--- SUPPLIED INFORMATION ---
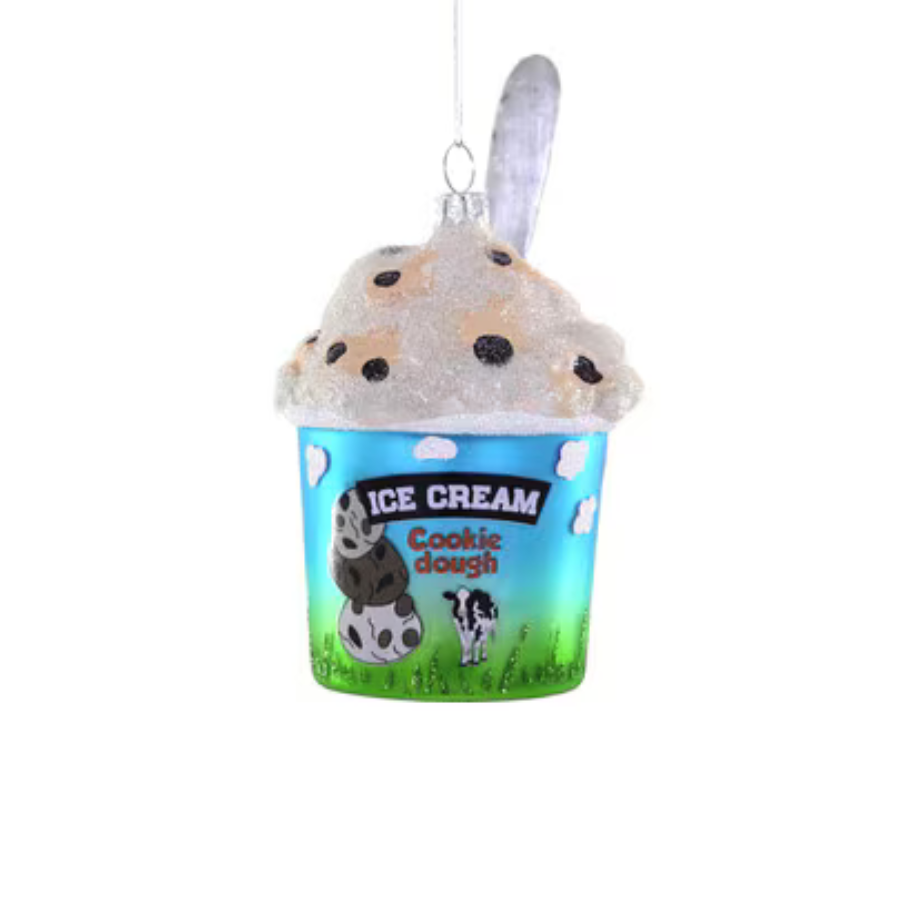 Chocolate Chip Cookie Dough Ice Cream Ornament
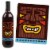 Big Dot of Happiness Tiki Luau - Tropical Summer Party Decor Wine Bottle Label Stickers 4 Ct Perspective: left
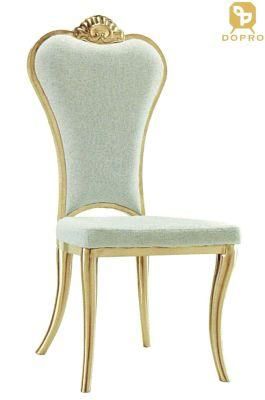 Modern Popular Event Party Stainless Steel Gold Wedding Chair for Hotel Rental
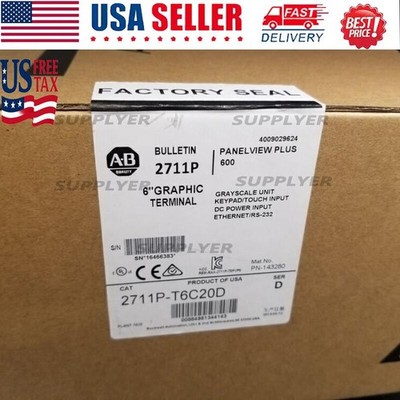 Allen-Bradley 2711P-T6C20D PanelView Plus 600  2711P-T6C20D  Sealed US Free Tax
---
[THE PROBLEM] If a picture appears in the data, omit it; transcribe all the rest exactly.

[PROBLEM SOLUTION]
 Chocolate Chip Cookie Dough Ice Cream Ornament
 Big Dot of Happiness Tiki Luau - Tropical Summer Party Decor Wine Bottle Label Stickers 4 Ct Perspective: left
 Modern Popular Event Party Stainless Steel Gold Wedding Chair for Hotel Rental
 Allen-Bradley 2711P-T6C20D PanelView Plus 600  2711P-T6C20D  Sealed US Free Tax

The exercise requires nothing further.